There does not seem to be a BLARK for icelandic. The IceNLP aims to be a part of that. IceNLP consists of, at least, a morphological analyzer, a rule based part of speech tagger, a trigram tagger and a shallow parser. Information on that can be found at: nlp.ru.is/projects.htm. Notice that the information on the current status of the various ongoing research projects is at best limited. A 56K list of phonetically transcribed Icelandic words does exist (http://www.tungutaekni.is/materials/001.html). Work on a 25 million word tagged corpus was supposed to be completed in 2008. It does not appear to be completed. There is a good list of recent or current research on www.tungutaekni.is/researchsystems/rannsoknir.html. The main web page for NLP for Icelandic seems to be www.tungutaekni.is. If that is correct not much seems to be going on, the last news item is from january and the latest papers the link to from 2007.

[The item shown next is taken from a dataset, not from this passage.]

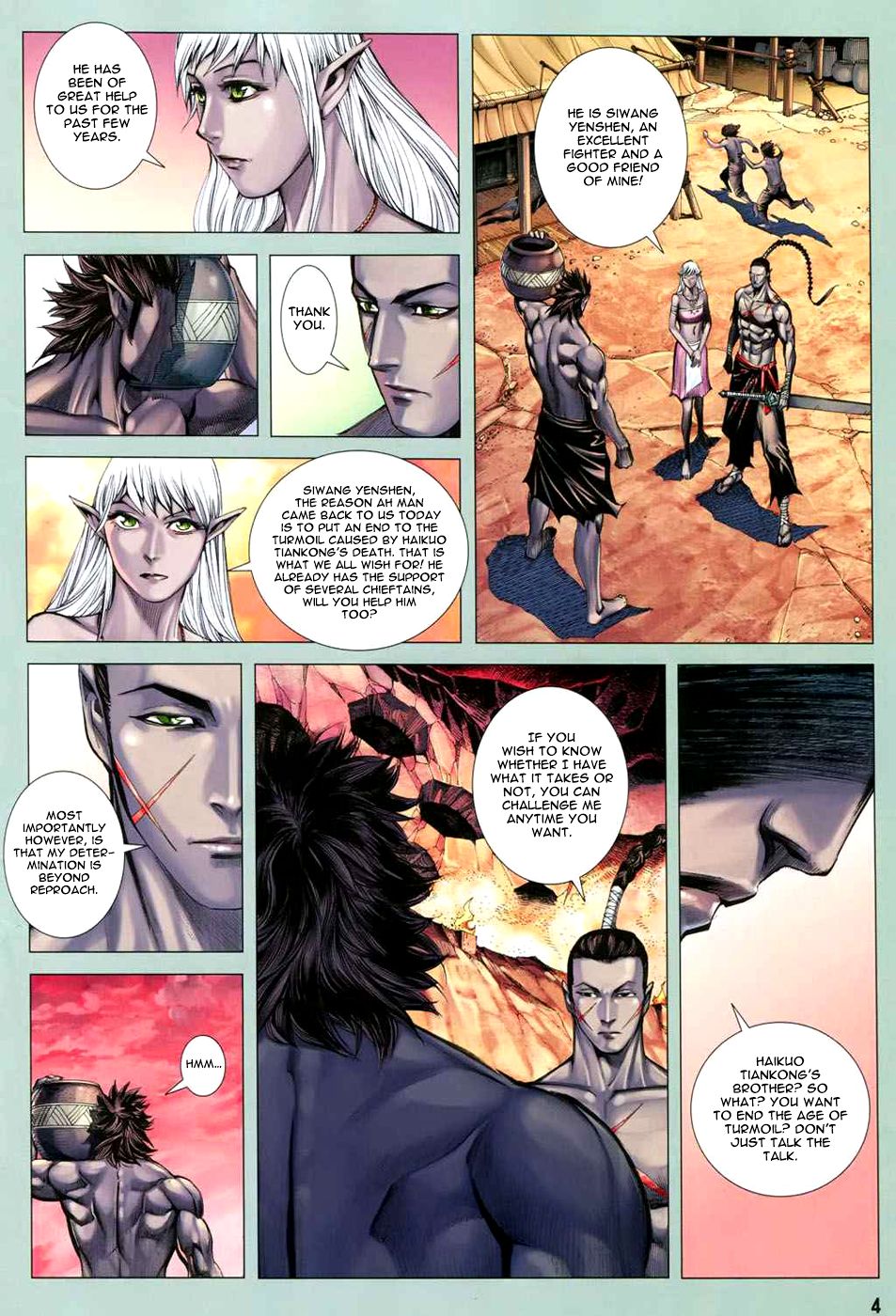 Feng Shen Ji Iii - Chapter 25: Inextinguishable Spirit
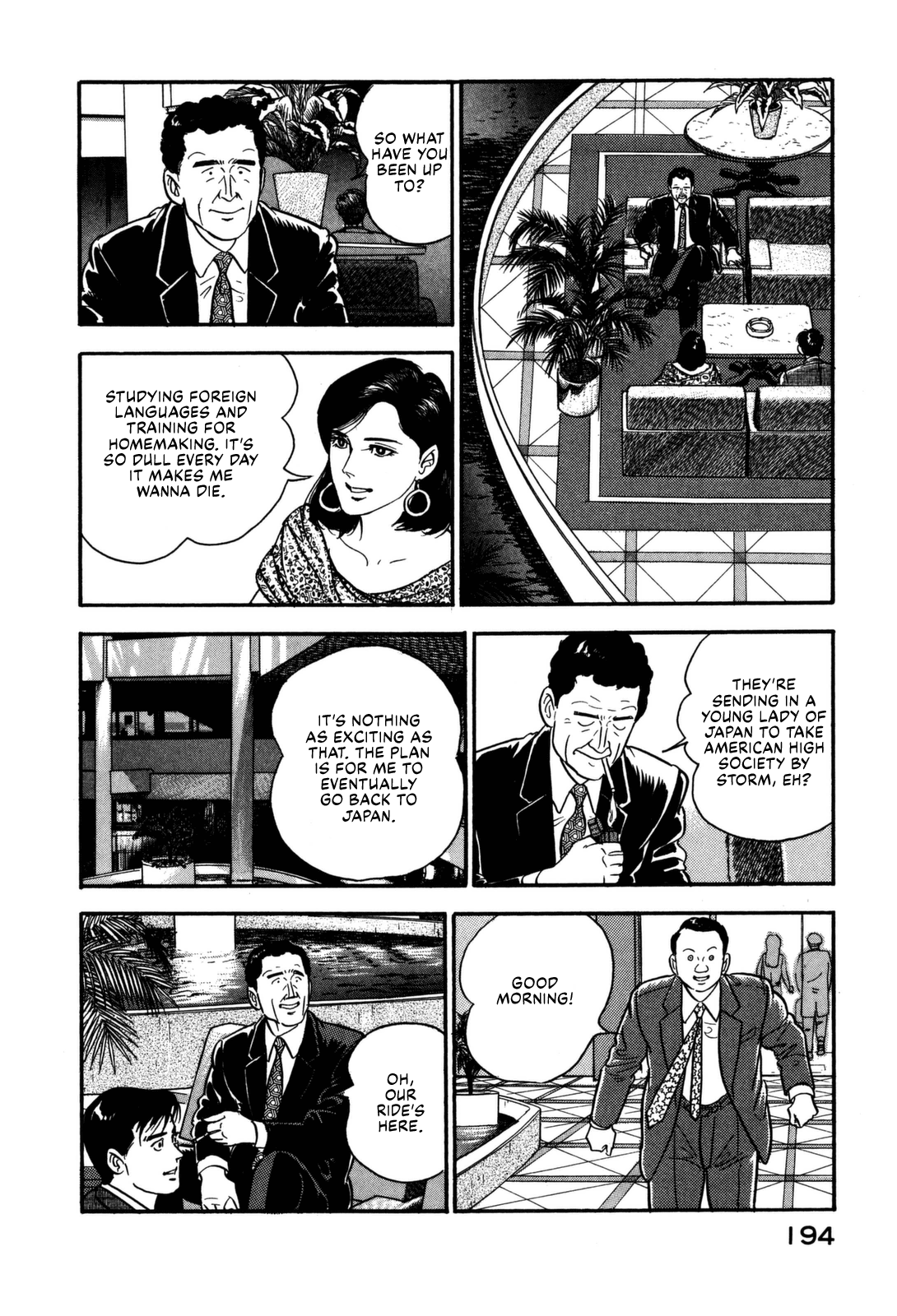 Section Chief Shima Kōsaku chapter 141 - page 4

I know a webpage about the Spanish Language Tools (http://www.datsi.fi.upm.es/~coes/coes.html): The COES Spanish Language Tools are a research field of the Departamento de Arquitectura y Tecnología de Sistemas Informáticos (DATSI) of the Universidad Politécnica de Madrid (UPM) and the Departamento de Informática of the Universidad CarlosIII de Madrid (my university).
The main task of this research is to to develop an extensive set of Spanish grammatical rules and to apply them to test correctness on documents written in Spanish. To enhance distribution, COES is integrated with the ispell tool. COES is being distributed for free since the end of 1994.
Currently this package is distributed under GNU license or any other by specific agreement with the authors.
Anothers projects from the Alicante's university (http://gplsi.dlsi.ua.es/gplsi09/doku.php?id=proyectos) are:
R2D2:Answers in digital documents. Construction of hybrid analyzers of natural languages.
3LB: Construction of data bases of syntactic semantic trees.
TUSIR: Develop of text compression's system for information recovery.
TEXT-MESS: Intelligent, Interactive and Multilingual Text Mining based on Human Language Technologies
I'm going to looking for more information about this.